■ Work request:
Without changing a thing, reproduce the entire listing and leave out its pictures.

------ Given information

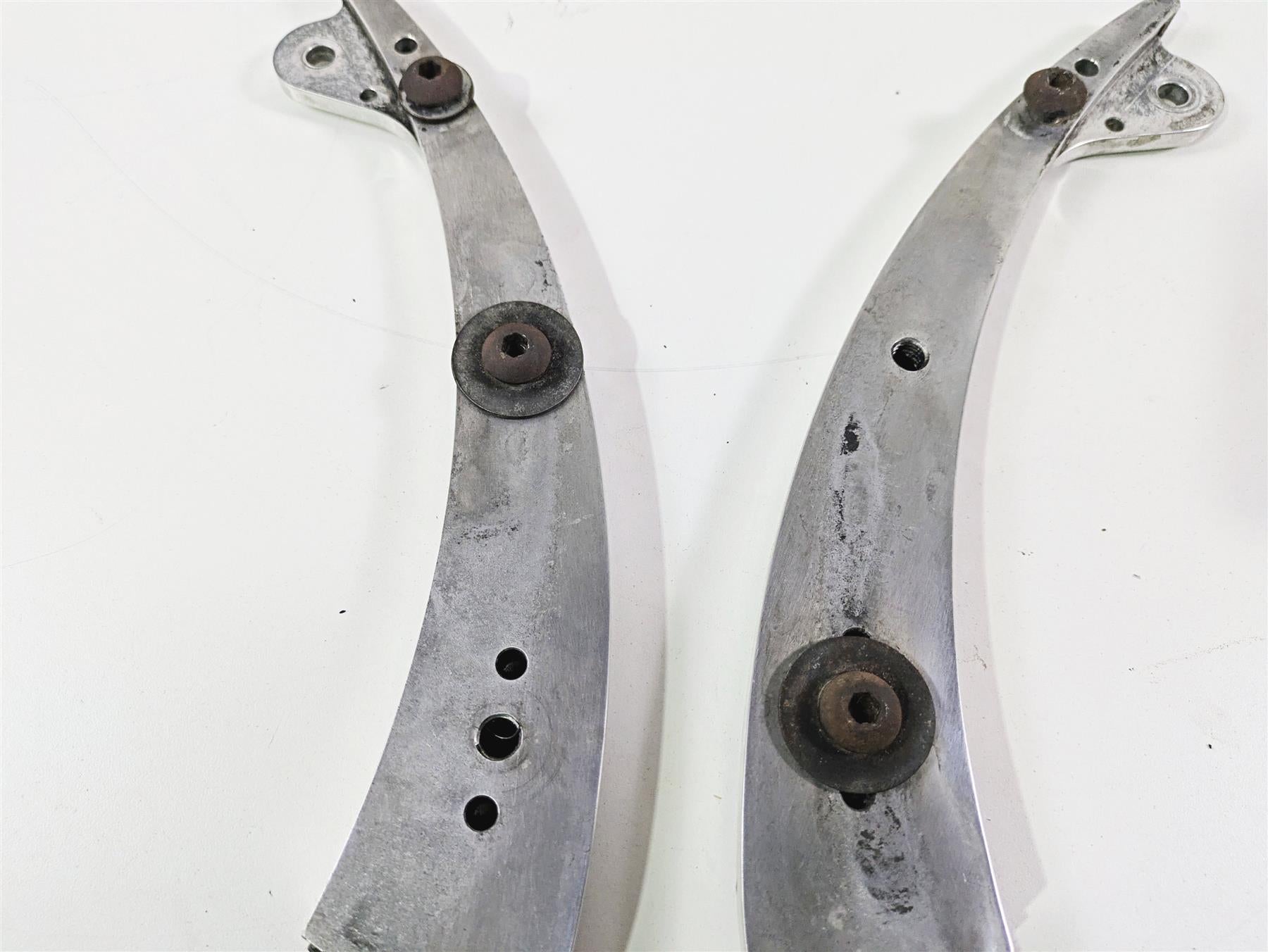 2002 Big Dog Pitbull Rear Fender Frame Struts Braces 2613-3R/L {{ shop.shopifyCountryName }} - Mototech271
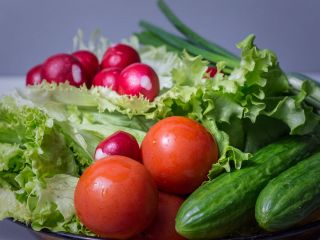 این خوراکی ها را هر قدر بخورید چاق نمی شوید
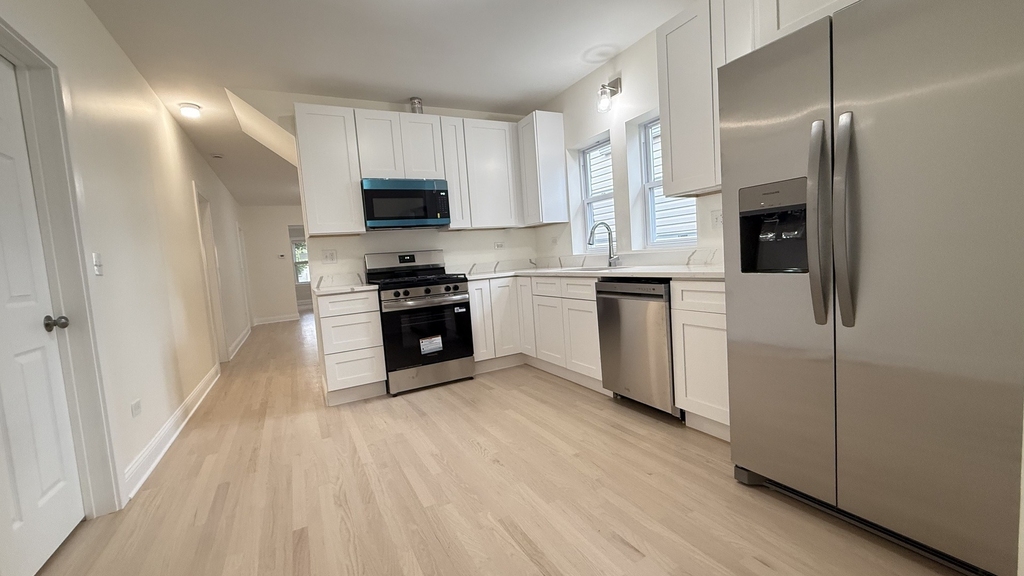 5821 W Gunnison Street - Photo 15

------------

■ Task response:
 2002 Big Dog Pitbull Rear Fender Frame Struts Braces 2613-3R/L {{ shop.shopifyCountryName }} - Mototech271
 این خوراکی ها را هر قدر بخورید چاق نمی شوید
 5821 W Gunnison Street - Photo 15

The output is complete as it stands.